# Buying Property in UAE



## Lazy Daisy (Apr 13, 2017)

Agents usually do not let you see original title (Property Deed) of the property where price is listed. My friend recently bought an apartment through reputable agency and he found out the said property was actually cost 100,000 AED less than the original price just 3 months ago. 

Is there any way to check original price of the property through some government office etc?


----------



## svgeorge (Jul 9, 2016)

The current selling price is not a function of the original price.. it has more to do with current market demand.. i would use rentals for the unit as a proxy (~8-10%pa in Dubai) to determine market rates..


----------



## The Rascal (Aug 6, 2014)

What is a "reputable" company? Especially in RE?


----------



## Lazy Daisy (Apr 13, 2017)

svgeorge said:


> The current selling price is not a function of the original price.. it has more to do with current market demand.. i would use rentals for the unit as a proxy (~8-10%pa in Dubai) to determine market rates..

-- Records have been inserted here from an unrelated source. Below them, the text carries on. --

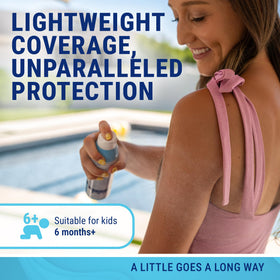 Coral Isles spray action demonstrating easy continuous application benefit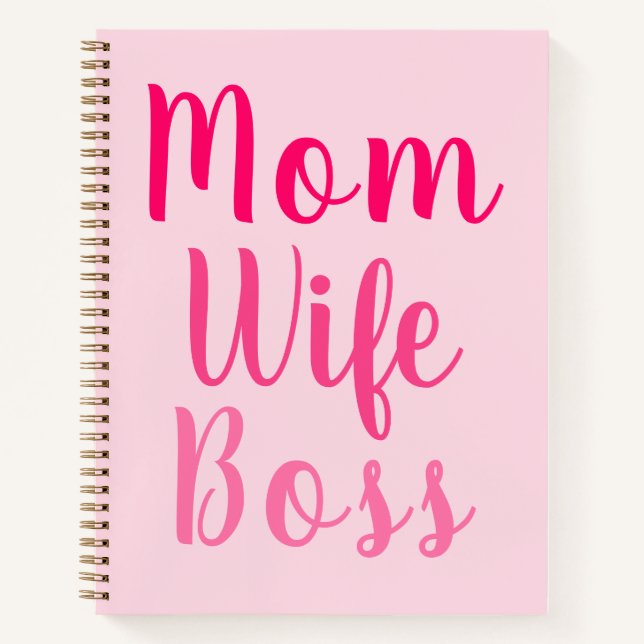 Cuaderno Receta elegante del guión de personalizado rosa de (Anverso)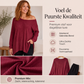 😍Off-shoulder top voor dames met splitzoom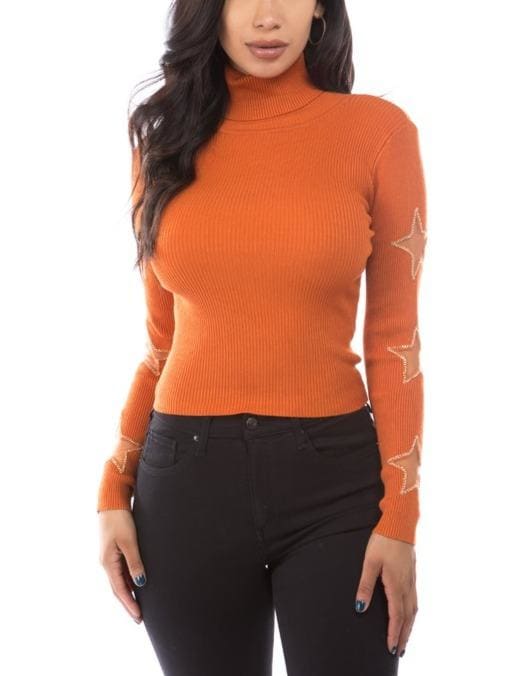 Knit turtle neck sweater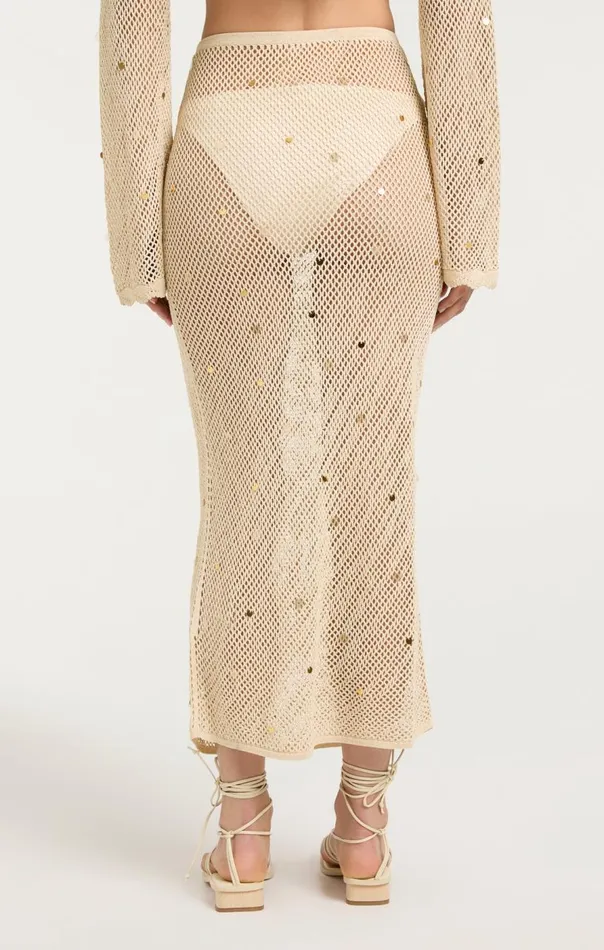 Cinq Sept Briar Skirt Naturalgold Women Skirts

Thanks for the response. Where can I check the current market deals? I would like to buy a small studio or 1 bed apartment with somewhat 8-9% ROI.


----------



## Stevesolar (Dec 21, 2012)

Lazy Daisy said:


> Thanks for the response. Where can I check the current market deals? I would like to buy a small studio or 1 bed apartment with somewhat 8-9% ROI.


Hi,
This is one of those situations that if you need to ask these questions - this might not be for you.
Cheers
Steve


----------